TASK TO COMPLETE →
Look below for the line holding "Corsair Câble SATA" and the line holding "FOO225 Kraft Chip Cone Medium". Repeat those two and everything between, exactly.

RECORDS SHOWN →
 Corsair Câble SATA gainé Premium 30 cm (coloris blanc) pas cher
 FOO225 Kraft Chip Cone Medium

* * *

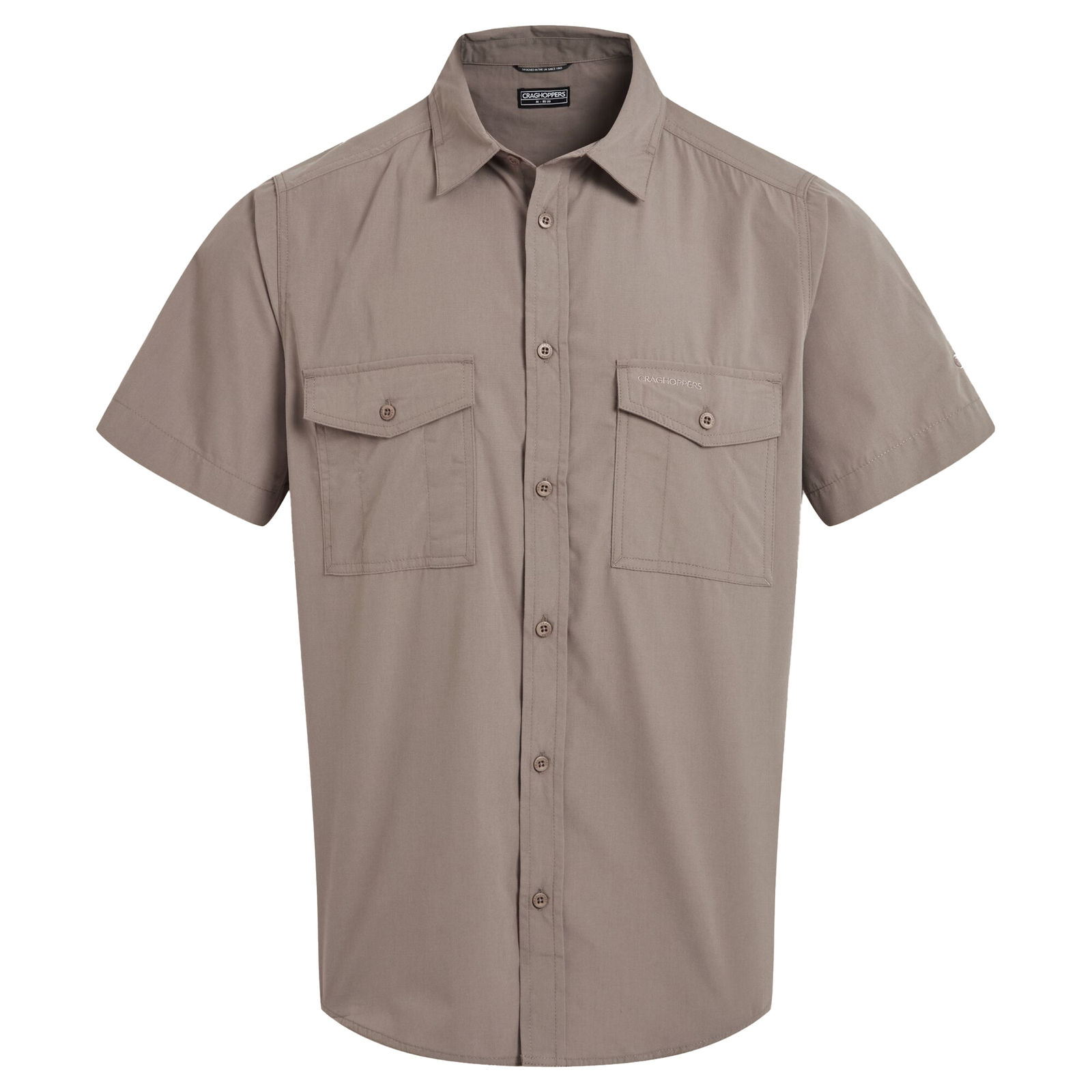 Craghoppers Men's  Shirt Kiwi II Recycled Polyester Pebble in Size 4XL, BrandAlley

TASK OUTPUT →
 Corsair Câble SATA gainé Premium 30 cm (coloris blanc) pas cher
 FOO225 Kraft Chip Cone Medium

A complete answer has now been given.